[Opening Task material section]
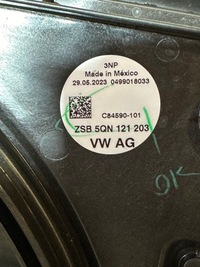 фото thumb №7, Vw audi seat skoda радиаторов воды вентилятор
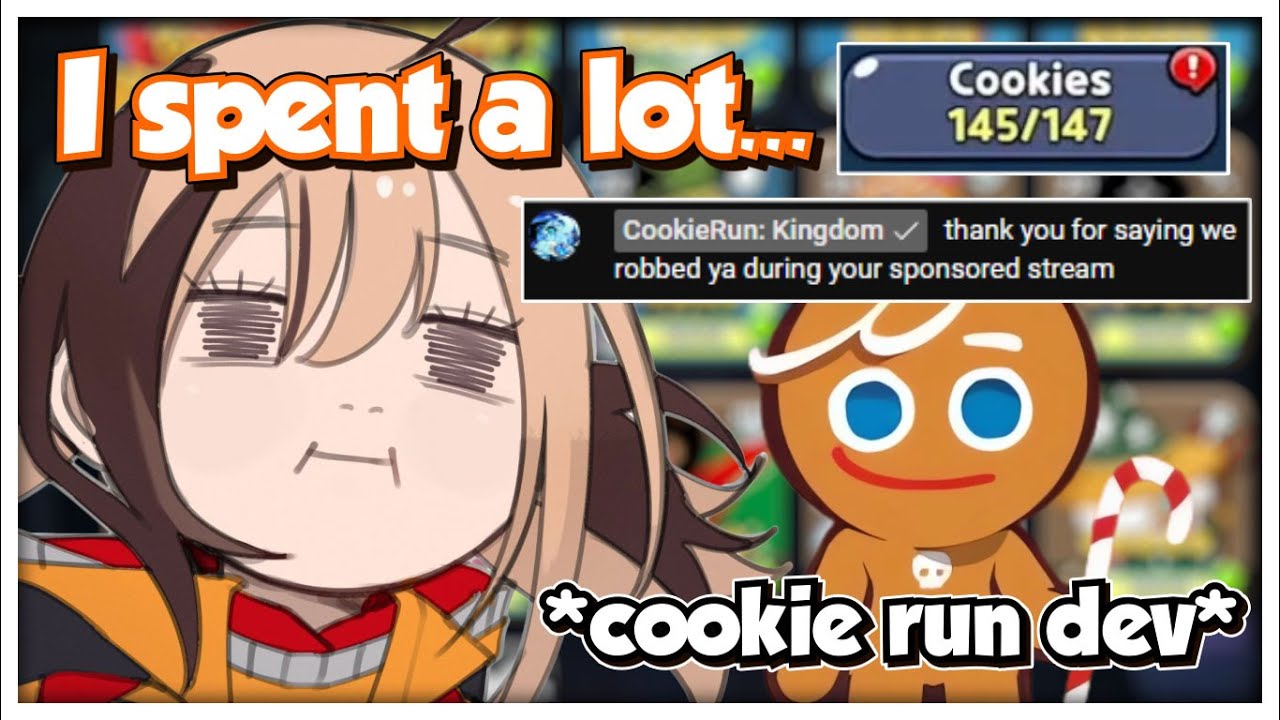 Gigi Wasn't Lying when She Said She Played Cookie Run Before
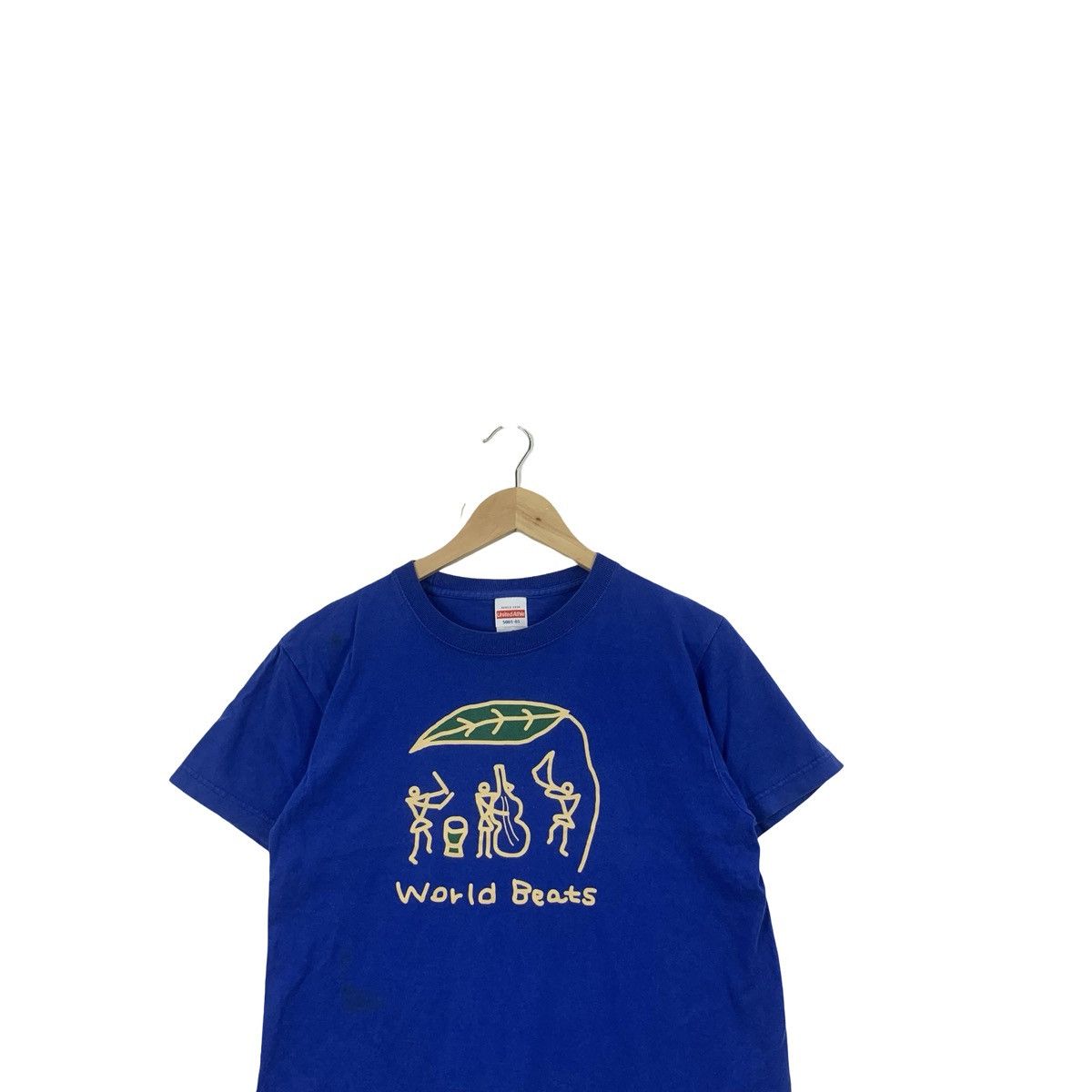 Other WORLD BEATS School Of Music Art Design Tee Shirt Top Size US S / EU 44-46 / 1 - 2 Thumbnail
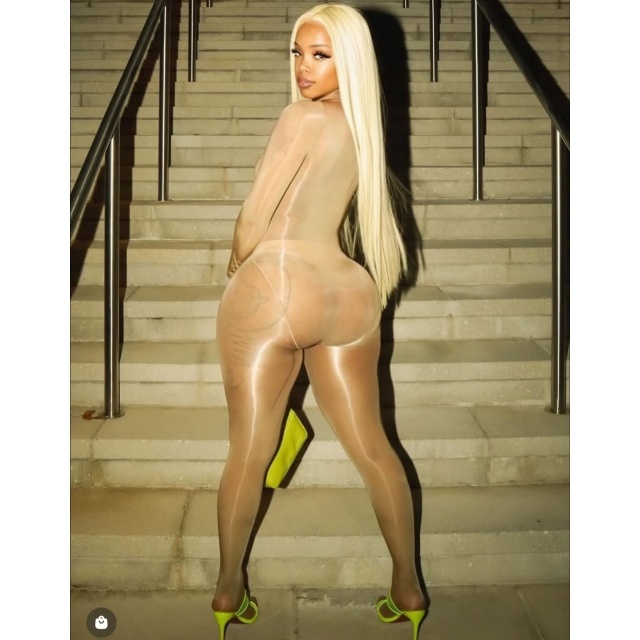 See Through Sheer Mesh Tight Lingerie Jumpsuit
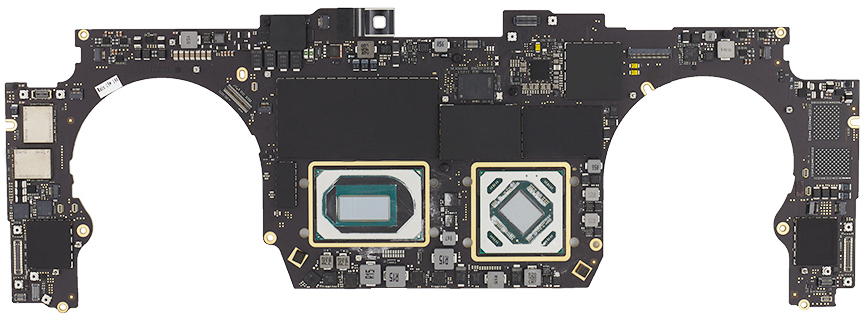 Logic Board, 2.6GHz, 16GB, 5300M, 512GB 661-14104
[Closing Task material section]
To do: Every record above should reappear exactly, with the pictures gone.

Task solution:
 фото thumb №7, Vw audi seat skoda радиаторов воды вентилятор
 Gigi Wasn't Lying when She Said She Played Cookie Run Before
 Other WORLD BEATS School Of Music Art Design Tee Shirt Top Size US S / EU 44-46 / 1 - 2 Thumbnail
 See Through Sheer Mesh Tight Lingerie Jumpsuit
 Logic Board, 2.6GHz, 16GB, 5300M, 512GB 661-14104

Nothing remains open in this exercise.